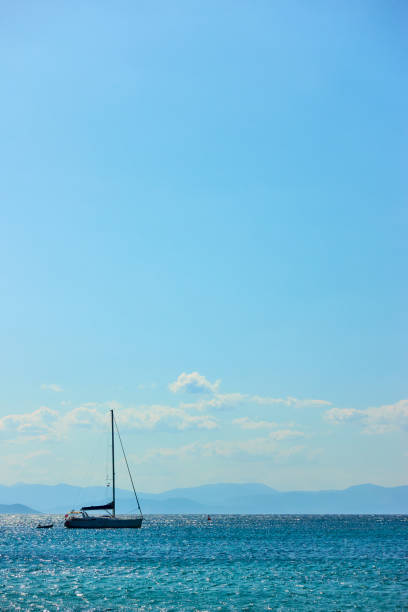 istock Sail yacht in the sea 1177051541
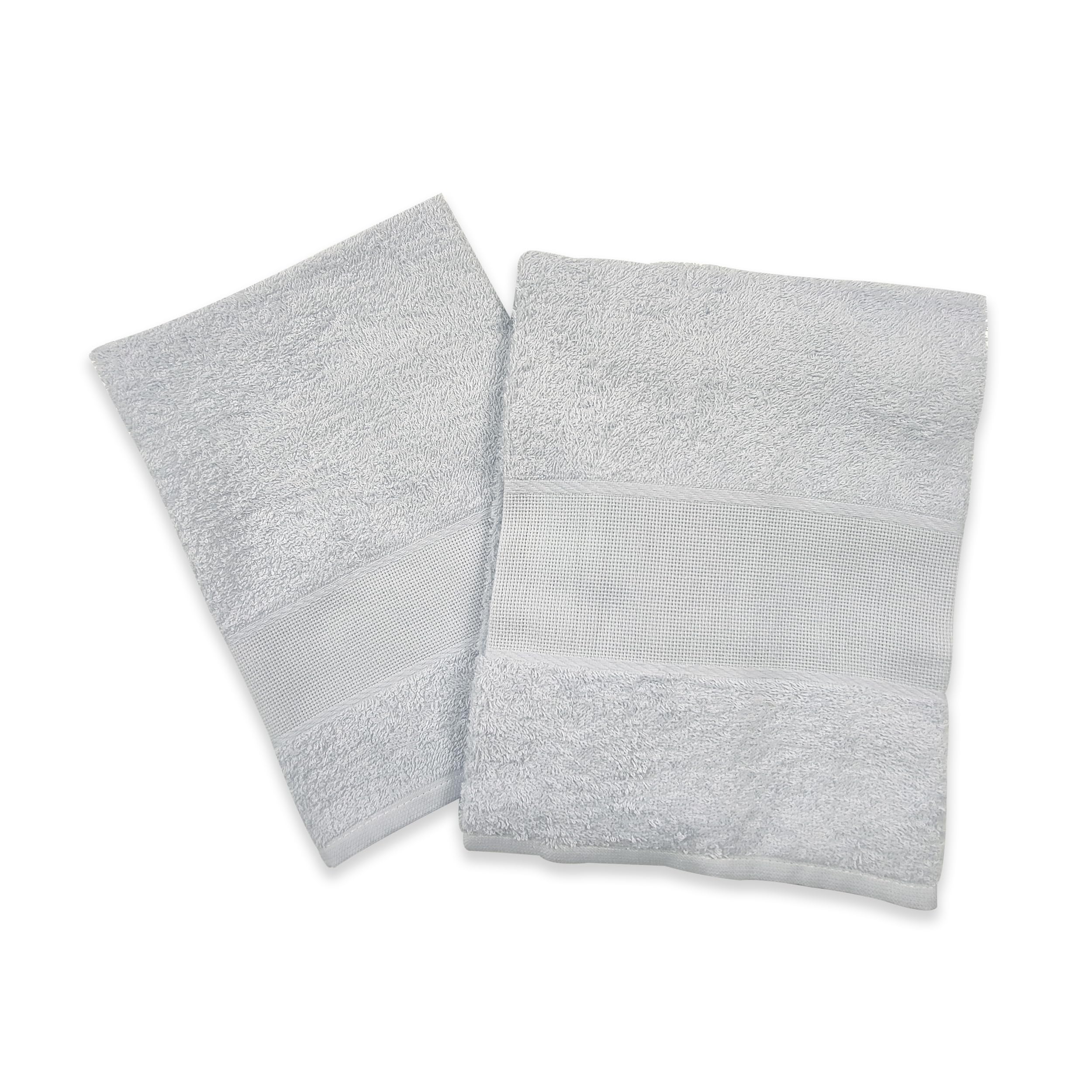 Panini Textiles 100% Cotton Aida Fabric Embroidery Towel Set – 2 Pack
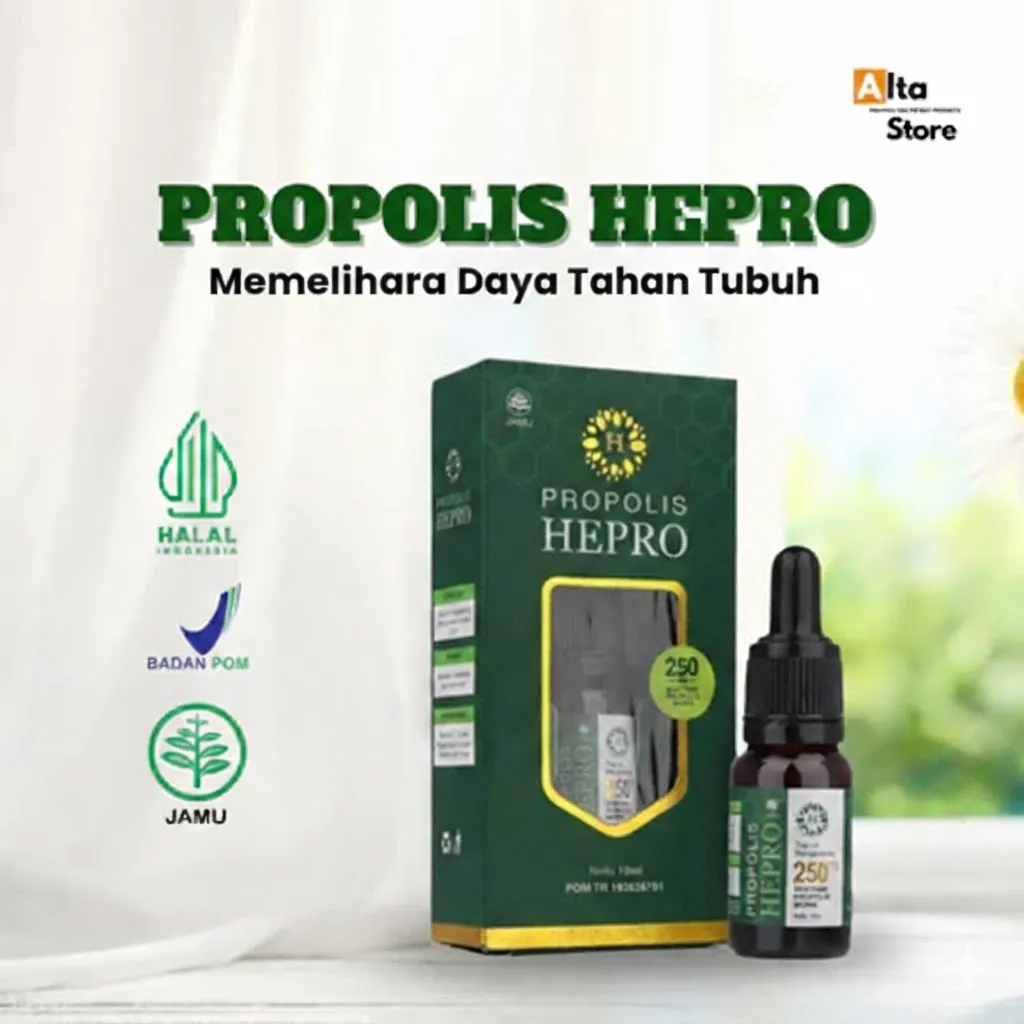 Propolis Hepro Trigona Imun Booster Harian Membantu Memelihara Daya Tahan Tubuh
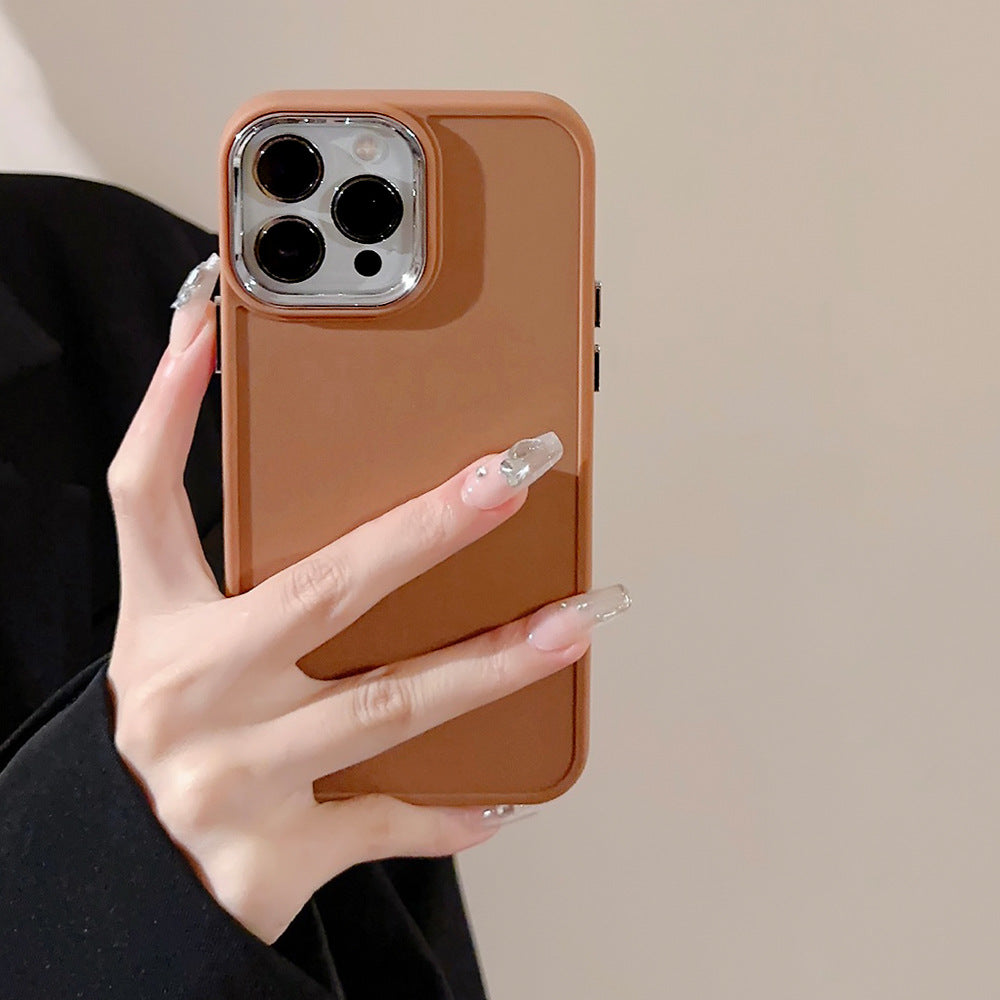 ReflectaGuard - Customizable Electroplating Lens Phone Case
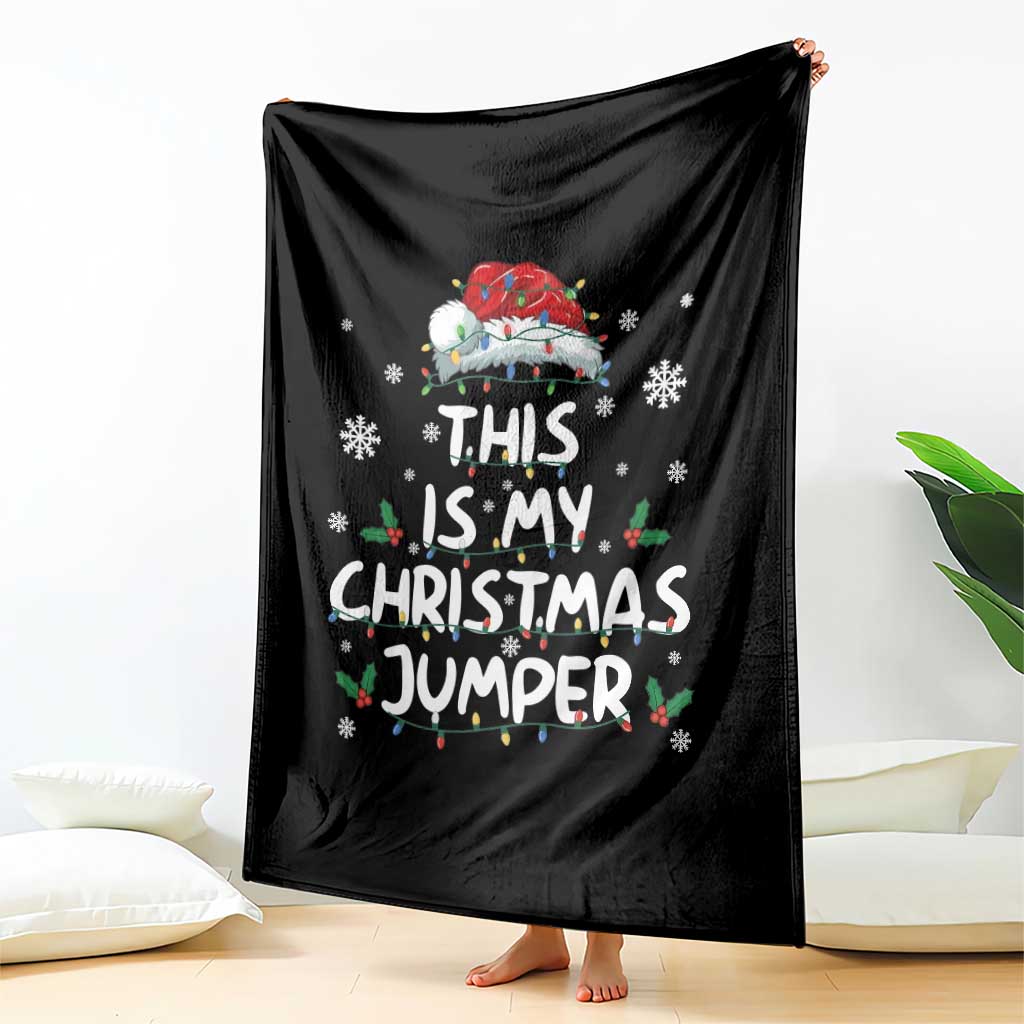 Funny British Christmas Throw Blanket This Is My Christmas Jumper TS11 Print Your Wear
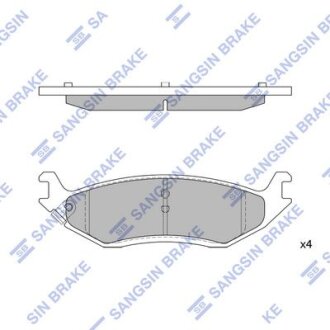 Комплект гальмівних накладок, дискове гальмо Hi-Q (SANGSIN) SP4320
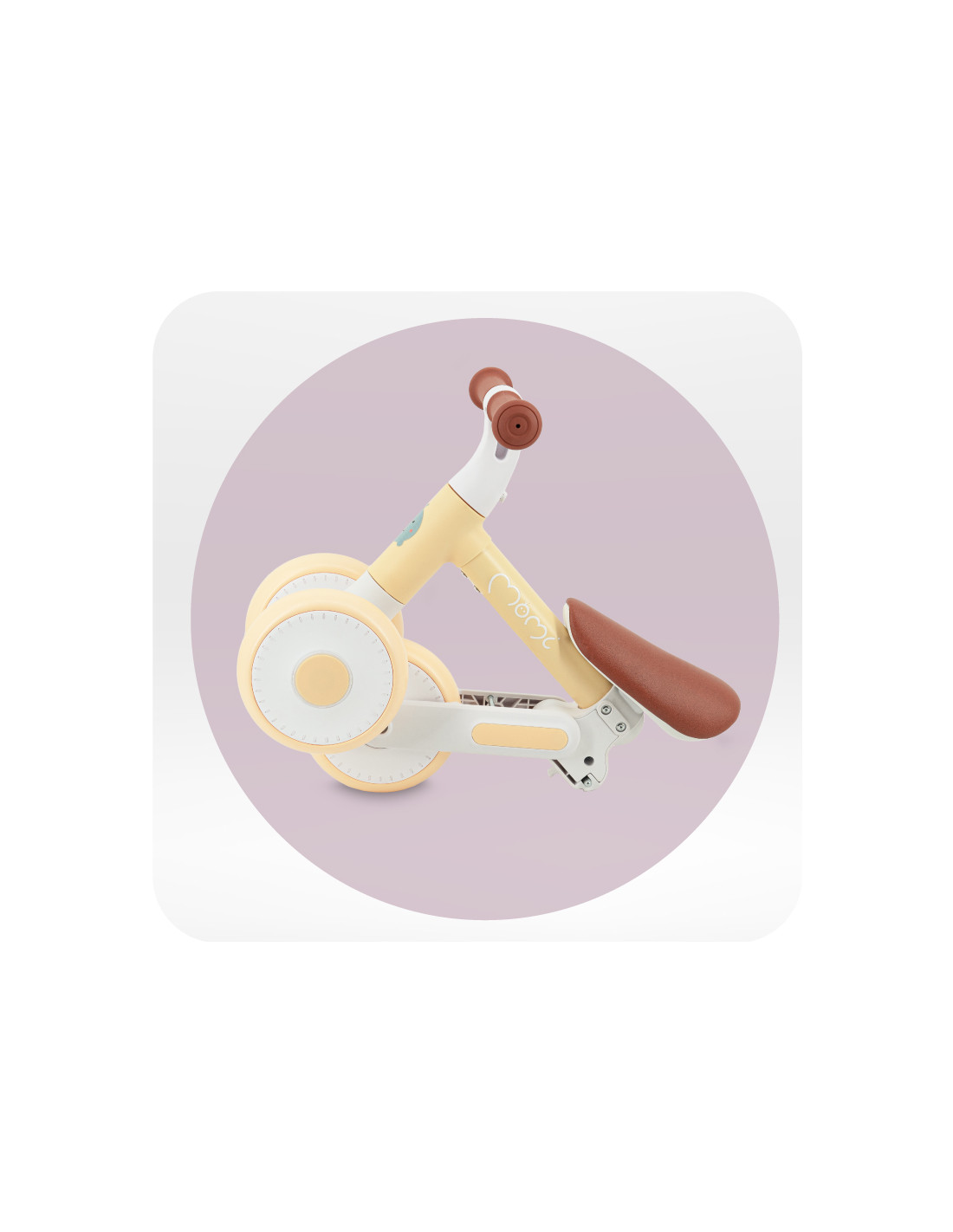 MoMi DEX Walking bike, Yellow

What the task asks — Pictures must be left out of the answer, which should be exactly the lines from the one holding "ReflectaGuard - Customizable" through the last line of the entries above, both included; please add nothing.

Response to this exercise —
 ReflectaGuard - Customizable Electroplating Lens Phone Case
 Funny British Christmas Throw Blanket This Is My Christmas Jumper TS11 Print Your Wear
 Комплект гальмівних накладок, дискове гальмо Hi-Q (SANGSIN) SP4320
 MoMi DEX Walking bike, Yellow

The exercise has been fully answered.